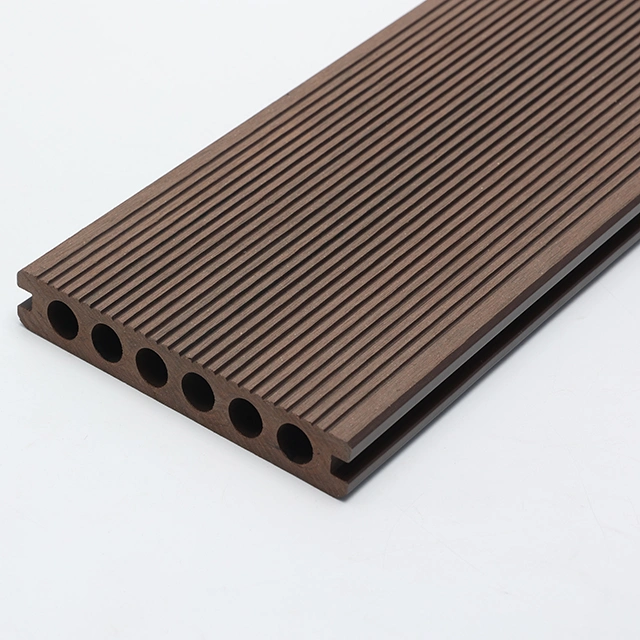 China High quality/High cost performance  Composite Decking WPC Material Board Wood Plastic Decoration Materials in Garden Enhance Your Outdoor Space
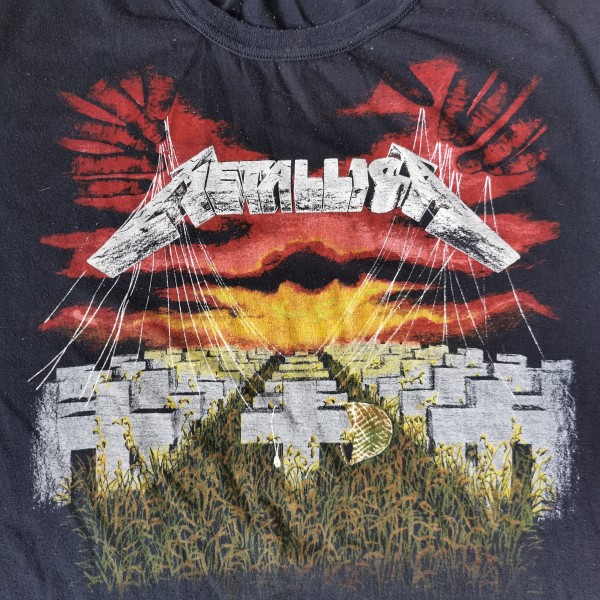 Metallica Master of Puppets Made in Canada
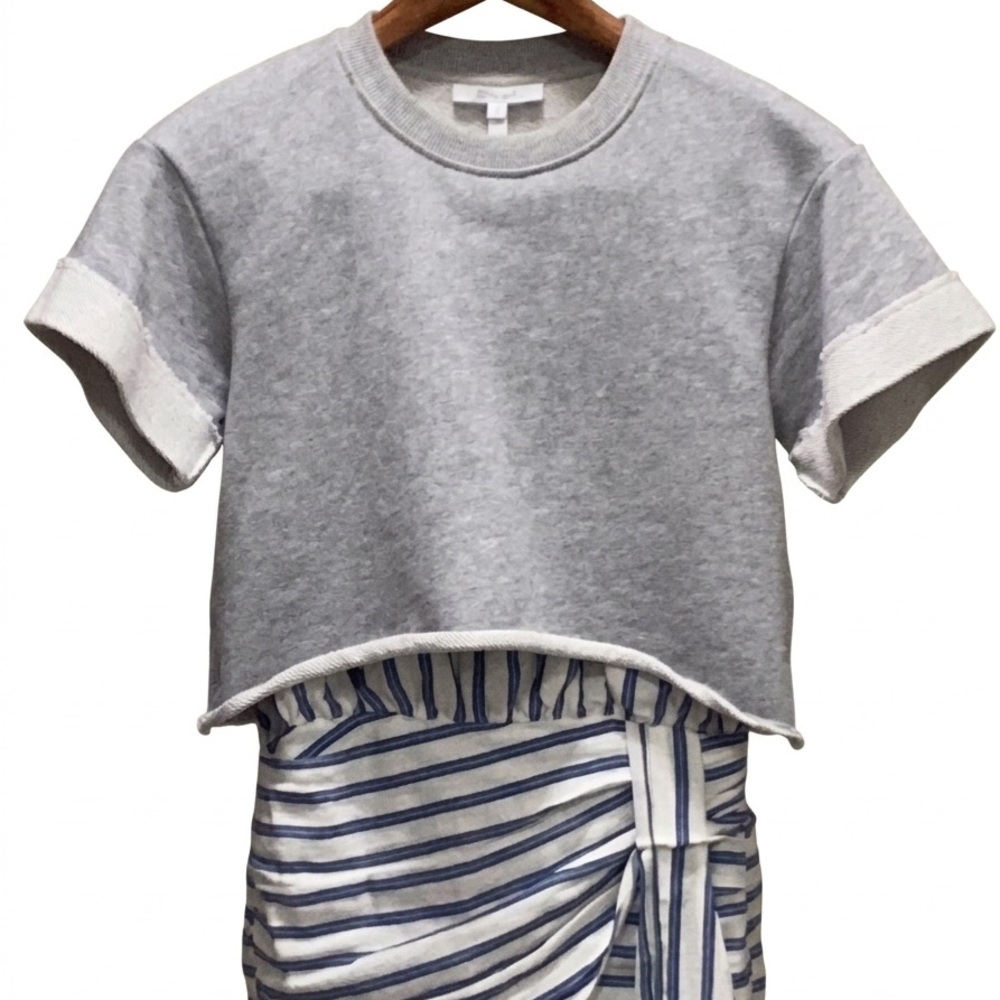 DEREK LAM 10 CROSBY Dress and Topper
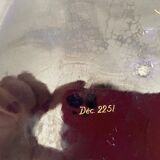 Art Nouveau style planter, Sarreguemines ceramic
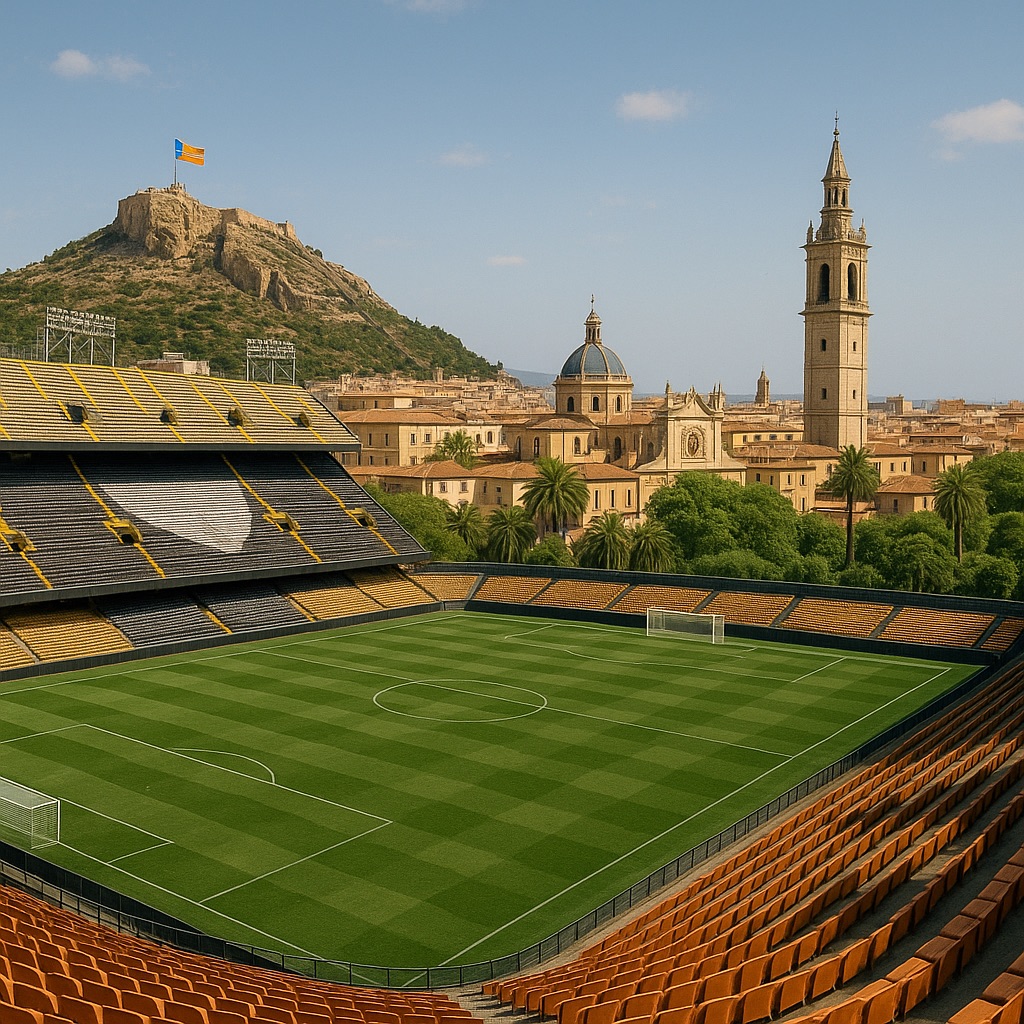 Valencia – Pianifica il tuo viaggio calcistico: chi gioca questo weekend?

--

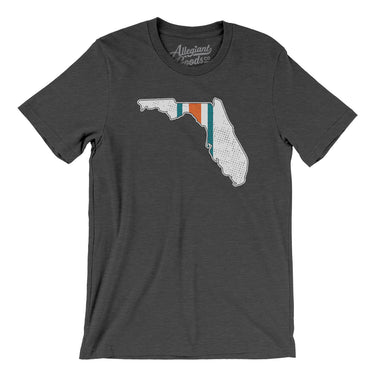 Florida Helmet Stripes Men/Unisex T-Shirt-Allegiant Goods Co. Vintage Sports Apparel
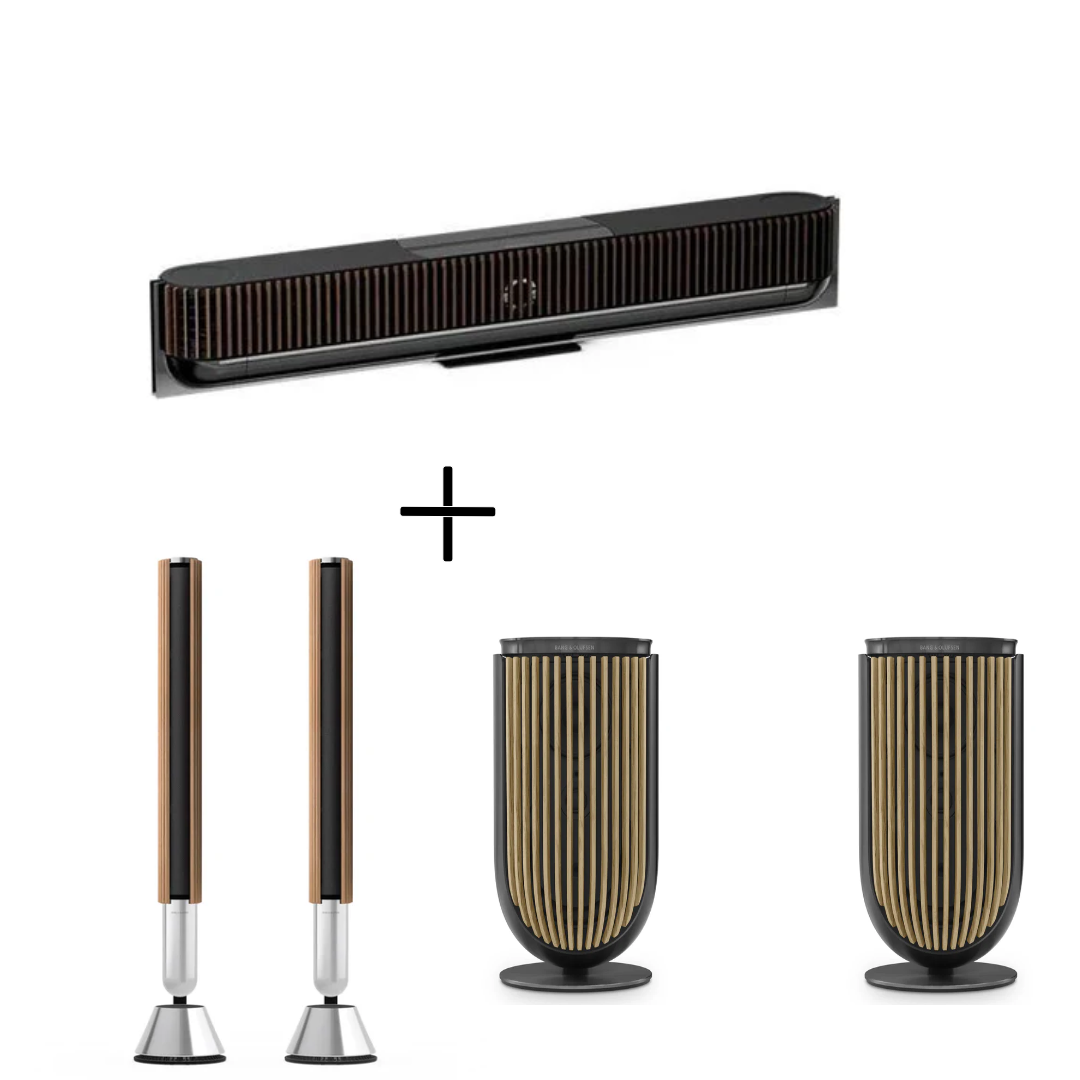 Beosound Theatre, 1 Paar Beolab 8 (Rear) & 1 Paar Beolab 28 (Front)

_Work order_
Above are records; repeat only the lines from the line with "Metallica Master of Puppets Made in Canada" through the line with "Valencia – Pianifica", and leave pictures out.

_Exercise output_
 Metallica Master of Puppets Made in Canada
 DEREK LAM 10 CROSBY Dress and Topper
 Art Nouveau style planter, Sarreguemines ceramic
 Valencia – Pianifica il tuo viaggio calcistico: chi gioca questo weekend?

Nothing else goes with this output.